***** MATERIAL SHOWN

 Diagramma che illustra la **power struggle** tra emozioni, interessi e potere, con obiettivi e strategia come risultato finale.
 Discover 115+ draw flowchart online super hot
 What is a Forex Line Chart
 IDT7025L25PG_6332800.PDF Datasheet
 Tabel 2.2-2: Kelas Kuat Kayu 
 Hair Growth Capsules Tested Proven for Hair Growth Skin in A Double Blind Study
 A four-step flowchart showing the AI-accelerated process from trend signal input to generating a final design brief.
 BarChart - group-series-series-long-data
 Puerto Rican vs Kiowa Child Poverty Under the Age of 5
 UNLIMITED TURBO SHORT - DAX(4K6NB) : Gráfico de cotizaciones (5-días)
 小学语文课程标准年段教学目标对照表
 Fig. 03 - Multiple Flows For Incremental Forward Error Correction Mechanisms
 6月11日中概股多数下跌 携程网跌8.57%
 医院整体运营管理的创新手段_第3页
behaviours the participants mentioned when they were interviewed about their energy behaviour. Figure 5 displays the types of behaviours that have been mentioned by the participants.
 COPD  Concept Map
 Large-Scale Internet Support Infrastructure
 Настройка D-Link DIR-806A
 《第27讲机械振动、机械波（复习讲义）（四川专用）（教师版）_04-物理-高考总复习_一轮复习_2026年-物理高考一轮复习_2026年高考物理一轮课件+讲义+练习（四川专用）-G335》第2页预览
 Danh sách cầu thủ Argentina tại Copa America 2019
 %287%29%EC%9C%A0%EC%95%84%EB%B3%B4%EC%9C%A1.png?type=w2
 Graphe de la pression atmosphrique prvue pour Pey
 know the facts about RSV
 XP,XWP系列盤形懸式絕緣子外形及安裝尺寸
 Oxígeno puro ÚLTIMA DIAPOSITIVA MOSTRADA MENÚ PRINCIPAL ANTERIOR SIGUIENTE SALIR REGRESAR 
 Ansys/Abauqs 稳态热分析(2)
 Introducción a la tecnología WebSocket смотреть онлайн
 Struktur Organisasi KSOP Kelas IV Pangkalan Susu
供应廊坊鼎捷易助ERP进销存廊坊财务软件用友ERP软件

**********

TASK DIRECTIONS.
Copy all lines above containing the string "Kelas".

SOLUTION.
 Tabel 2.2-2: Kelas Kuat Kayu 
 Struktur Organisasi KSOP Kelas IV Pangkalan Susu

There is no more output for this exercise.